Gesto de estadistas
Quizás lo más lamentable de la salida de los presos de ETA tras haber pasado 18 años de condena en la cárcel -que hay que pasarlos para saber lo que es ese castigo- es que vuelven a una sociedad, a su País Vasco, mucho más inestable políticamente que cuando entraron. A pesar de la merma del terrorismo, la dinámica política de estos últimos años promovida por el nacionalismo legitima en gran medida sus asesinatos. Porque España está en conflicto con Euskal Herria, porque no se resolvió el problema desde 1839, porque se niega el Gobierno de Madrid a aceptar la voluntad de los vascos, tal como lo plantea Ibarretxe nada menos que en La Moncloa.

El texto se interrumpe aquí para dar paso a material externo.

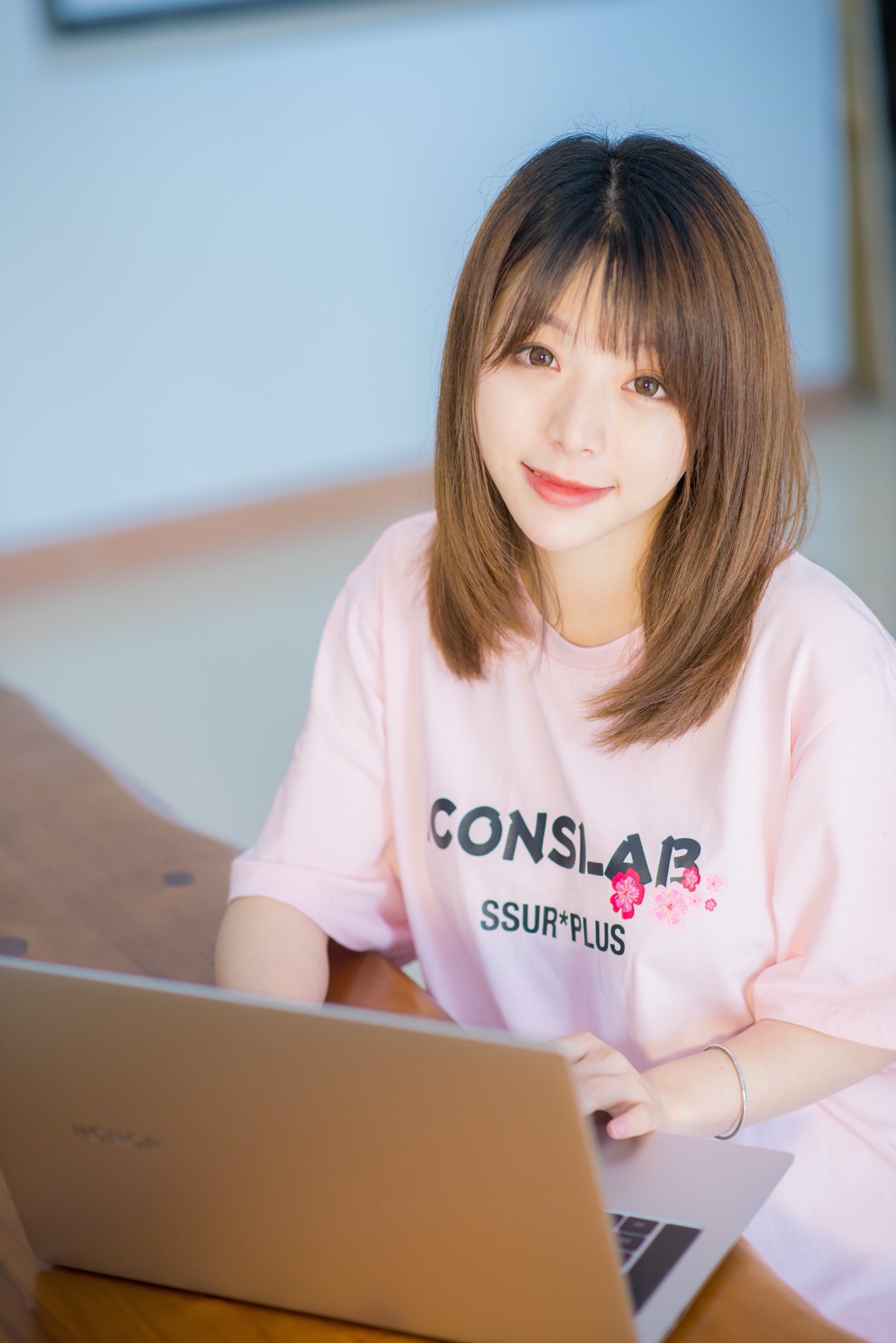 荣耀magicbookpro好不好,荣耀magicbook16pro2021优缺点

Si esos presos regresaran a una sociedad normalizada, ésta los engulliría y pasarían desapercibidos, y ellos estarían avergonzados por lo que hicieron. Pero Ibarretxe, su plan, ha conseguido que salgan como individuos necesarios y hasta heroicos para esa sociedad vasca que pugna por librarse de la bota española. Por el contrario, las víctimas, los acosados, los que disienten políticamente son los malos vascos, los que debieran desaparecer de aquí. Así están las cosas. Por eso, que Zapatero haya dicho que no a las pretensiones de Ibarretxe, y que la vicepresidenta y portavoz del Gobierno deslizara en La Moncloa las palabras "firmeza" y "fuerza" alivia la preocupación de los excluidos por el nacionalismo, aunque sepan -éstos sí lo saben- que van seguir sufriendo la misma dinámica puesta en marcha por aquél hasta que no sea desplazado del poder. Que no va a parar sólo ante las palabras.
Santiago Carrillo se quejaba hace pocos días, en un magnífico reportaje en la televisión, de la limitada dimensión de los políticos de ahora frente a los de la transición. Les falta cocimiento, decía. Tenía razón. Pero a muchos nos ha sorprendido gratamente las conclusiones del encuentro de la semana pasada entre Zapatero y Rajoy. No sé si lo que escuchó de Ibarretxe en la entrevista previa le impactó a nuestro presidente del Gobierno, que pasó mucho tiempo lanzando puentes al nacionalismo, mientras su partido no dejaba de chincharle al PP con su soledad. Y también me sorprendió Rajoy. Tras reunirse con sus mesnadas en un castillo, uno esperaba que saldría en montaraz galopada, pero salió con el discurso sereno de que va a garantizar con el apoyo de sus votos la estabilidad gubernamental, si fuera necesario. Ambos dirigentes han evaluado la situación, se encuentran y acuerdan con lealtad constitucional colaborar frente al reto del nacionalismo. Parecen, tras la reunión, políticos británicos; mucho más, ilustrados republicanos franceses. Fue un gesto de estadistas, del que estamos tan necesitados.
Aunque, mirándolo bien, no es para ponerles en un altar: es lo exigible y normal -una consecuencia incluso de la aplicación del Pacto Antiterrorista- en una situación en la que el terrorismo vasco no es ya lo grave, sino la propuesta política de secesión formulada por todo el nacionalismo. Si el Pacto Antiterrorista fue una gran medida para la derrota de ETA, esperemos que ese encuentro en la lealtad constitucional tenga el mismo efecto ante la ofensiva de Ibarretxe con el apoyo de Batasuna. Al menos, gozamos de un gran antecedente.
La aproximación de posturas entre el presidente del Gobierno y el líder de la oposición ha sido sorprendente, dados los antecedentes, pero, insisto, era lo obligado. Porque si el Gobierno del PSOE desea llevar a cabo las reformas constitucionales y estatutarias anunciadas, no son una originalidad las expresiones de María Teresa Fernández de la Vega diciendo que el PP es necesario e imprescindible. Entramos en la política real y no en la de corrala que hemos padecido en los últimos tiempos y que tan bien han aprovechado los nacionalismos periféricos. Las reformas se harán desde el centro o no se harán; aunque sea a propuesta de lo periférico. Y esperemos que nadie esté en contra de las reformas por principio, aunque se debiera siempre sostener el principio, mucho más fundamental, de que tampoco se le impongan a nadie.